▶ [TASK ITEM] Write out the stretch of lines below that begins at the line with "Filtration And Crystallization" and ends at the line with "Bolsa Tote Nude", including both, exactly as given and nothing more.
··· DATA TO PROCESS
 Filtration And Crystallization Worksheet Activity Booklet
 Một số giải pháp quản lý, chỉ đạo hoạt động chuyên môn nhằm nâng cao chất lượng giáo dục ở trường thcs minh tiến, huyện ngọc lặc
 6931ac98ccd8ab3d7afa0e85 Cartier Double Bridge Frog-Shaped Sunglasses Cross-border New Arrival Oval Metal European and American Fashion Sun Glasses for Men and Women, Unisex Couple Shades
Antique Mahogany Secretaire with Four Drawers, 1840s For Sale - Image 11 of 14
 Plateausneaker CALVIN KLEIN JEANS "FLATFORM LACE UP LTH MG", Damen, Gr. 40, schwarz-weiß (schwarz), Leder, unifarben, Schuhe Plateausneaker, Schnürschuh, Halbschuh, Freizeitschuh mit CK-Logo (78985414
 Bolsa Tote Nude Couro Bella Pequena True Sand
······
··· DATA TO PROCESS
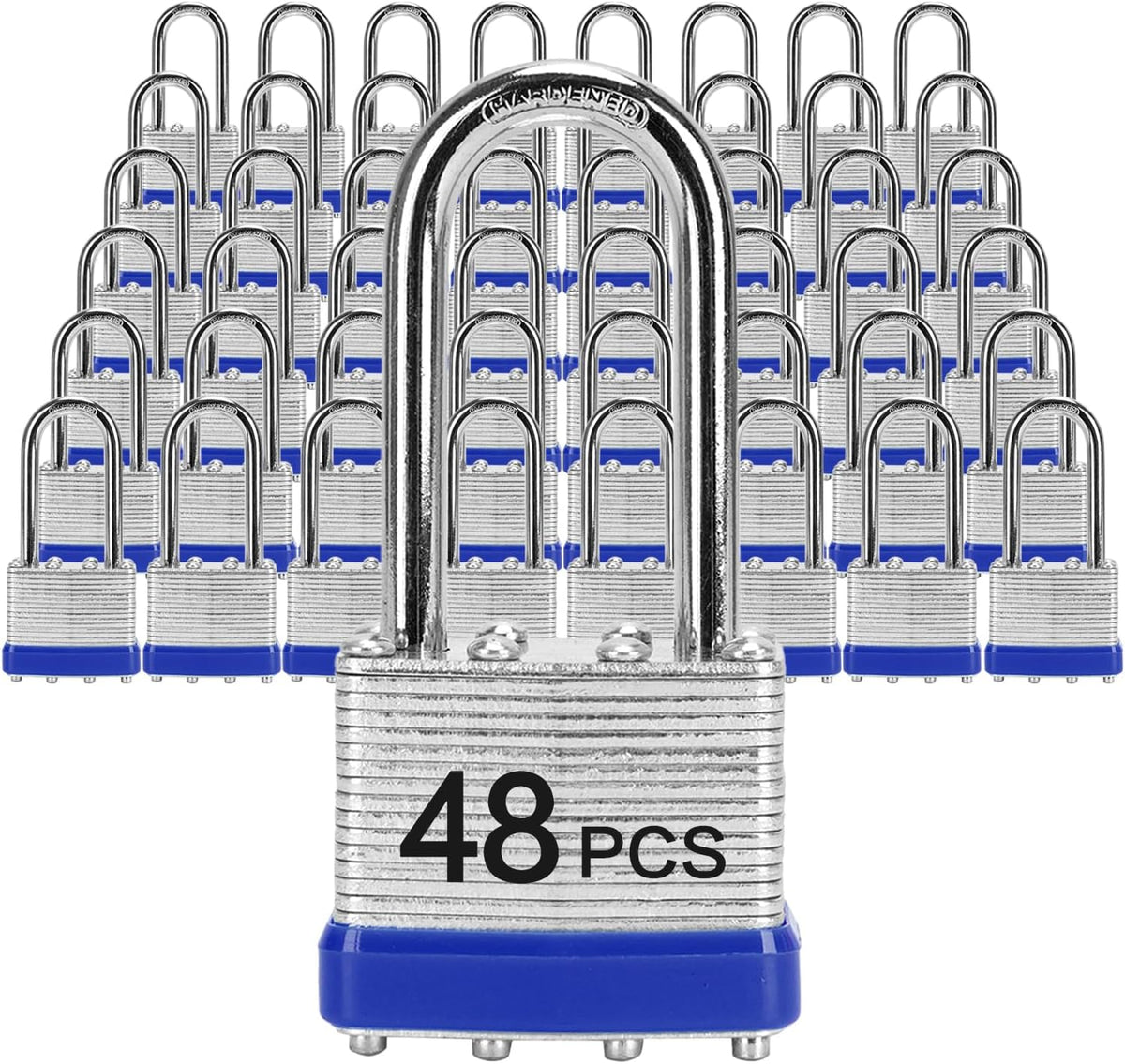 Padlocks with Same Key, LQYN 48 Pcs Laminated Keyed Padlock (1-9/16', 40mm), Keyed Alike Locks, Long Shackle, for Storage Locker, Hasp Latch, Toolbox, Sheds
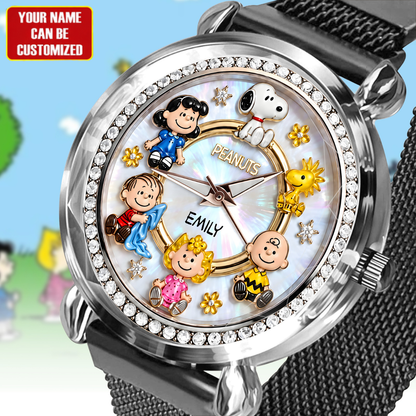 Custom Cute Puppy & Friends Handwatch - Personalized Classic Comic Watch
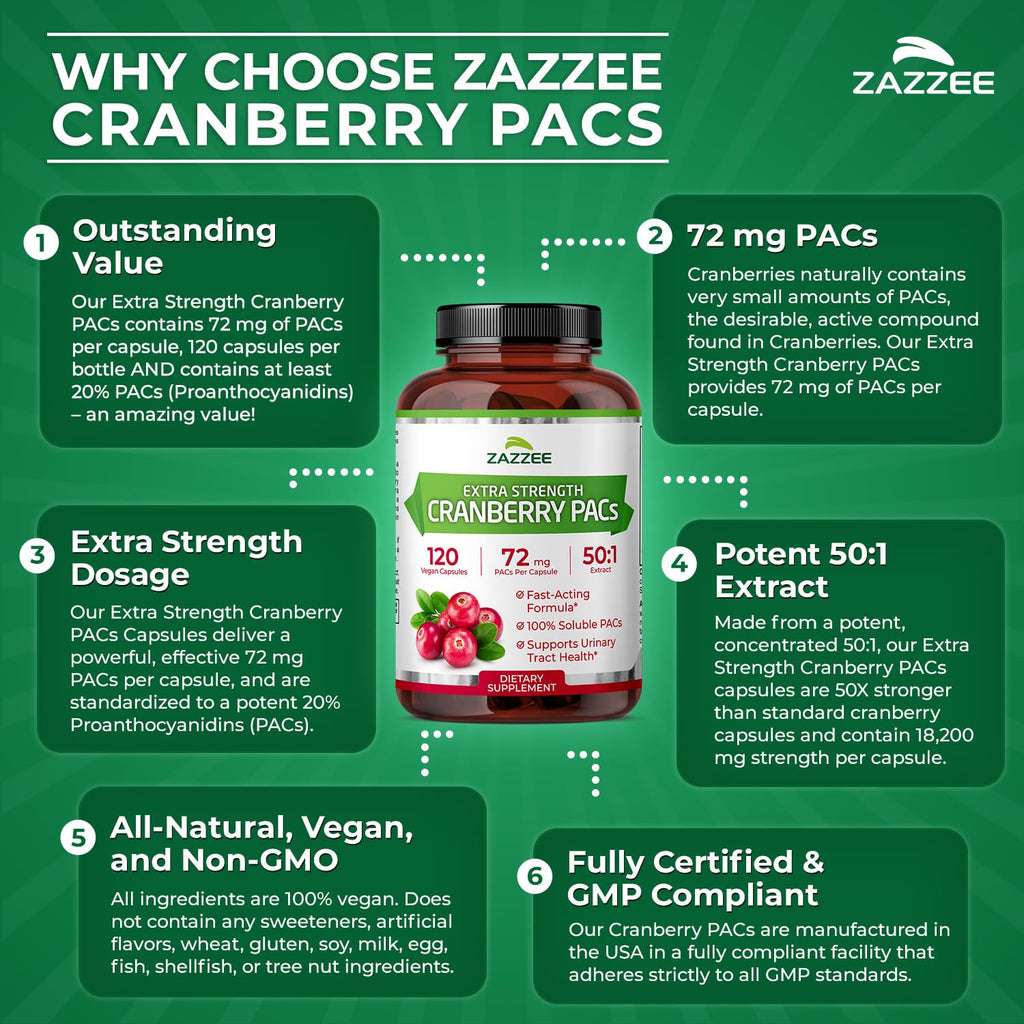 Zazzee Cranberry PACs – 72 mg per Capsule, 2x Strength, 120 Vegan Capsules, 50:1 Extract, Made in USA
······
··· DATA TO PROCESS
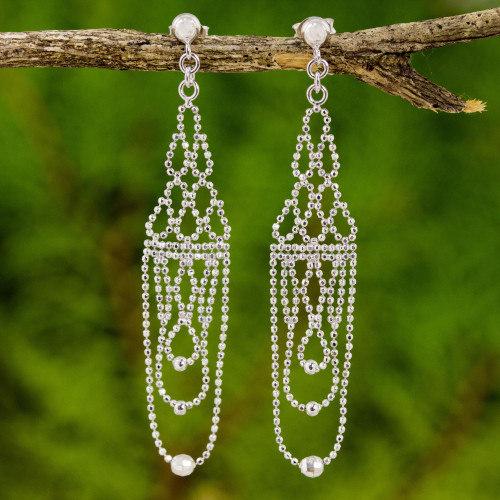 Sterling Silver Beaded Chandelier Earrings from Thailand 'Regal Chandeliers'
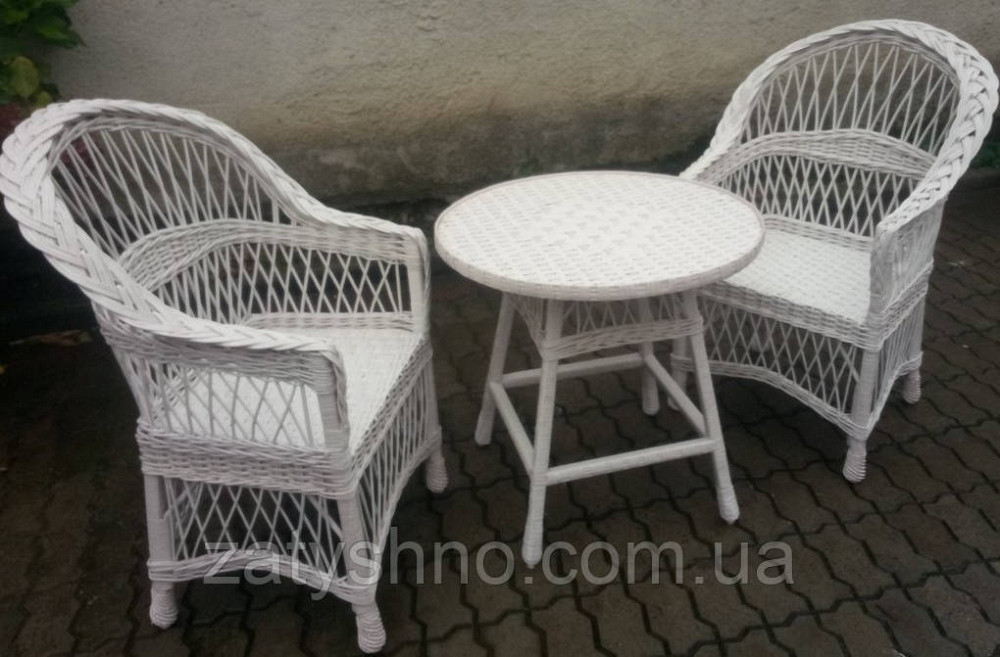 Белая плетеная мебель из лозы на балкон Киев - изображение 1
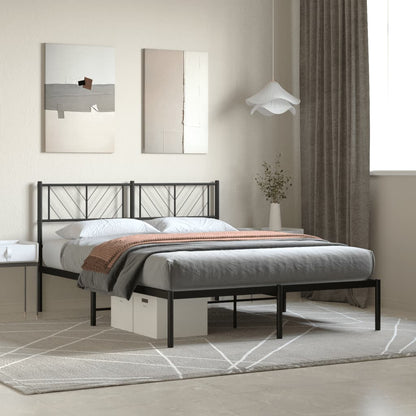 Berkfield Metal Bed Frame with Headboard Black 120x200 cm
······
▶ [SOLUTION BELOW]
 Filtration And Crystallization Worksheet Activity Booklet
 Một số giải pháp quản lý, chỉ đạo hoạt động chuyên môn nhằm nâng cao chất lượng giáo dục ở trường thcs minh tiến, huyện ngọc lặc
 6931ac98ccd8ab3d7afa0e85 Cartier Double Bridge Frog-Shaped Sunglasses Cross-border New Arrival Oval Metal European and American Fashion Sun Glasses for Men and Women, Unisex Couple Shades
Antique Mahogany Secretaire with Four Drawers, 1840s For Sale - Image 11 of 14
 Plateausneaker CALVIN KLEIN JEANS "FLATFORM LACE UP LTH MG", Damen, Gr. 40, schwarz-weiß (schwarz), Leder, unifarben, Schuhe Plateausneaker, Schnürschuh, Halbschuh, Freizeitschuh mit CK-Logo (78985414
 Bolsa Tote Nude Couro Bella Pequena True Sand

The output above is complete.